Sanitise custom functional group definitions.

  • If a SMARTS string already uses ; (indicating an explicit SMARTS pattern), it is preserved.
  • Otherwise, the SMILES is canonicalised and aromatic [nH] handling is normalised to [n].
  • Returns a new dictionary with processed SMARTS strings.

run(self, smiles, show_atoms=True, show_graph=False, canonical=True)

High-level entry point that accepts a SMILES string, optionally canonicalises it, converts it into an RDKit molecule, and defers to run_mol.

  • Parameters
  • smiles (str): Molecule SMILES.
  • show_atoms (bool): When true, include atom index matches in the output.
  • show_graph (bool): When true, also include the functional group hierarchy graph.
  • canonical (bool): Canonicalise SMILES before processing.
  • Returns
  • If show_atoms and not show_graph: dict[str, list[tuple[int, ...]]].
  • If show_atoms and show_graph: tuple (fg_dict, networkx.DiGraph).
  • Otherwise: list[str] of detected functional group names.
  • Usage
from accfg.main import AccFG

afg = AccFG(print_load_info=True)
fgs = afg.run("CC(=O)O")

run_mol(self, mol, show_atoms=True, show_graph=False, use_atom_map_num=False)
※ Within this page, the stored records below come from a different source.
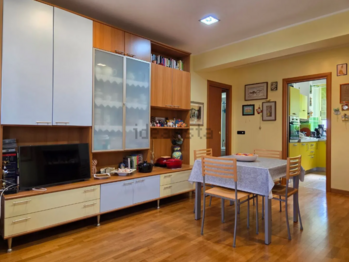 Prodej bytu 3+kk v osobním vlastnictví 75 m², Carbonia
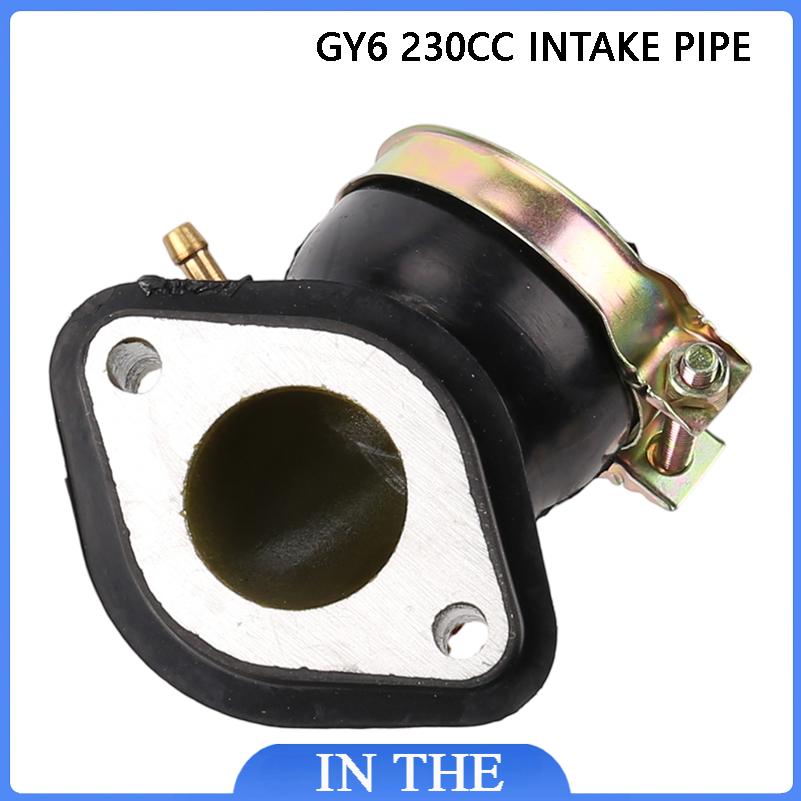 Motorcycle Carburetor Air Inle - Motorcycle Carburetor 评论和价格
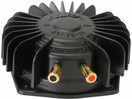 AuraSound AST-2B-4 Pro Bass Shaker Tactile Transducer, Black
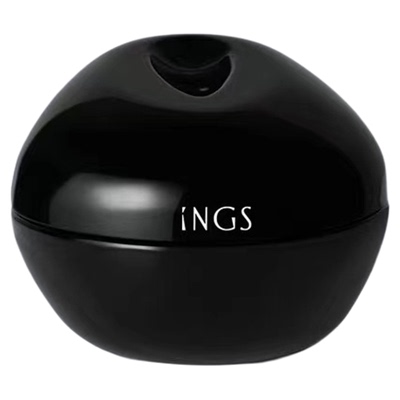 英树ings熬夜面霜清爽改善暗黄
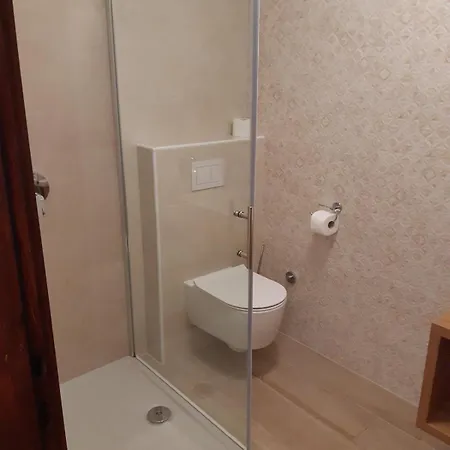 Mare Apartament Malinska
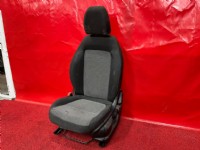 Fiat Egea Sol Ön Koltuk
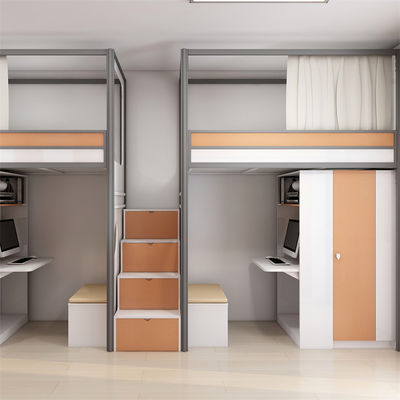 comprar Mobiliário Moderno para Quarto Infantil Cama Beliche online manufacture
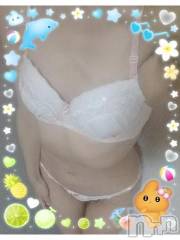 新潟人妻デリヘル熟女の風俗 最終章(ジュクジョノフウゾクサイシュウショウ) こゆき(45)の8月27日写メブログ「ギンギンになったフル勃起に会いたいわ」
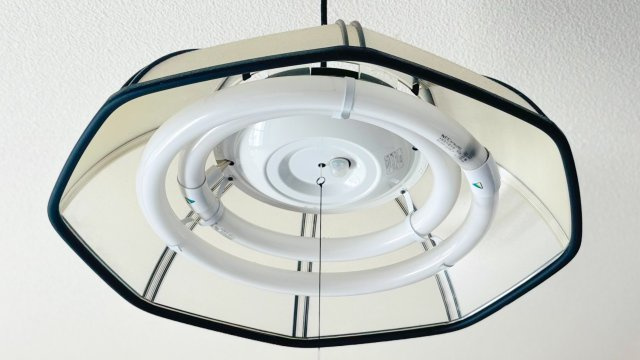 シティハイムエステートＣの設備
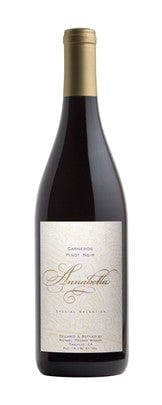 Wine Annabella Pinot Noir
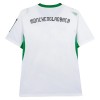 Borussia Monchengladbach Hjemme 2026-27 - Herre Fotballdrakt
Operate directly on an RDKit molecule and locate all functional groups using a ProcessPoolExecutor.

  • Parameters
  • mol (rdkit.Chem.Mol): Pre-built molecule.
  • show_atoms, show_graph: Same semantics as run.
  • use_atom_map_num (bool): Remap atom indices to the molAtomMapNumber property when present (useful for aligned molecules).
  • Behaviour
  • Launches up to four parallel worker processes to evaluate SMARTS patterns.
  • Builds a directed graph of parent/child relationships to remove redundant nested matches (e.g., derivatives).
  • Returns: Same as run.
  • Notes
  • When use_atom_map_num=True, the resulting atom lists are remapped from indices to mapping numbers.
  • For show_graph=True, the returned DiGraph stores mapped_atoms on each node for downstream visualisation.

run_freq(self, smiles)

Return per-functional-group occurrence counts for a SMILES string.
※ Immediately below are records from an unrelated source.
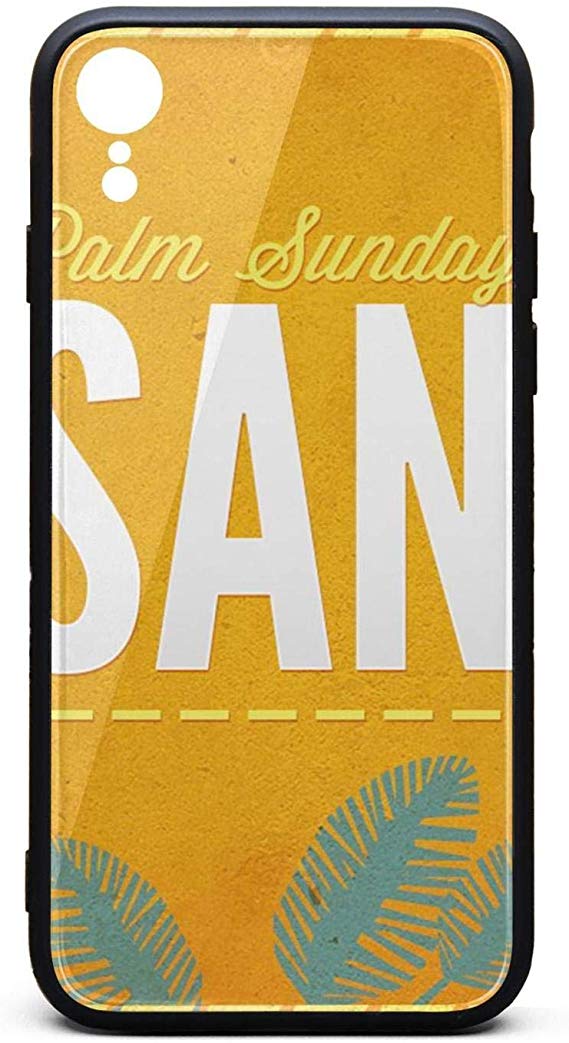 Mobile Phone Case - HD Wallpaper 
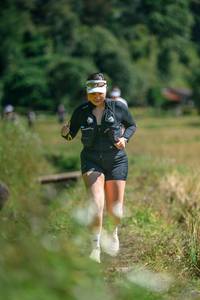 BIB: 
                            <button type="button" onclick="openModal(26668172)" class="btn btn-primary btn-sm float-right btn-popup" data-toggle="modal" data-target=".modal-high-quality">
                        <i class="fas fa-shopping-cart"></i> Add to Cart
                    </button>
                                            <button type="button" onclick="isThisMe(26668172, true)" class="btn btn-success btn-sm float-right btn-popup btn-isme hidden" data-toggle="tooltip" data-placement="bottom" title="นี่คือรูปของคุณใช่ไหม คลิกที่นี่เพื่อเอาเข้าอัลบั้ม">
                        <i class="fas fa-plus"></i> Add to album
                    </button>
                    <button type="button" onclick="isThisMe(26668172, false)" class="btn btn-warning btn-sm float-right btn-popup btn-isnotme hidden">
                        <i class="fas fa-ban"></i> Remove from album
                    </button>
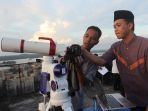 pemantauan-hilal-di-bukit-cermin-tanjungpinang_20180514_111749.jpg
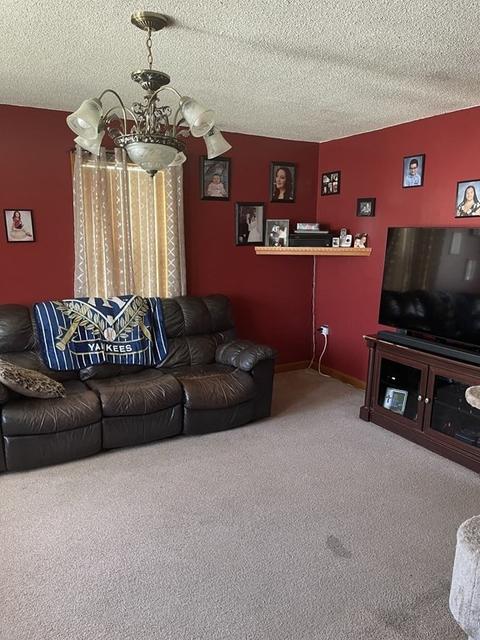 128 Covel St, Fall River, MA 02723 photo 21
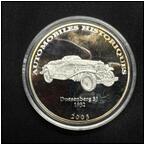AUCTION ITEM:ip1013B016t.jpg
  • Returns: list[tuple[str, int]] on success or None if detection fails.
  • Usage
counts = afg.run_freq("c1ccccc1O")

csv_to_dict(self, csv_file, lite=False)

Load functional group SMARTS definitions from a CSV file.

  • Uses csv.DictReader, filtering comment lines. In lite mode, both % and # prefixed rows are skipped.
  • Returns dict[str, str] mapping the functional group name to its SMARTS pattern.

Internal Utilities

The following helpers support post-processing inside run_mol:

  • _get_bonds_from_match and _freq_fg_in_mol are used to compare structural context between candidate groups.
  • The functional group directed graph leverages networkx to reason about parent/child relationships before emitting results.

Module-Level Helpers

canonical_smiles(smi)

Convert any SMILES string into its RDKit canonical form using Chem.MolToSmiles(Chem.MolFromSmiles(smi)). Useful for normalising inputs before comparison.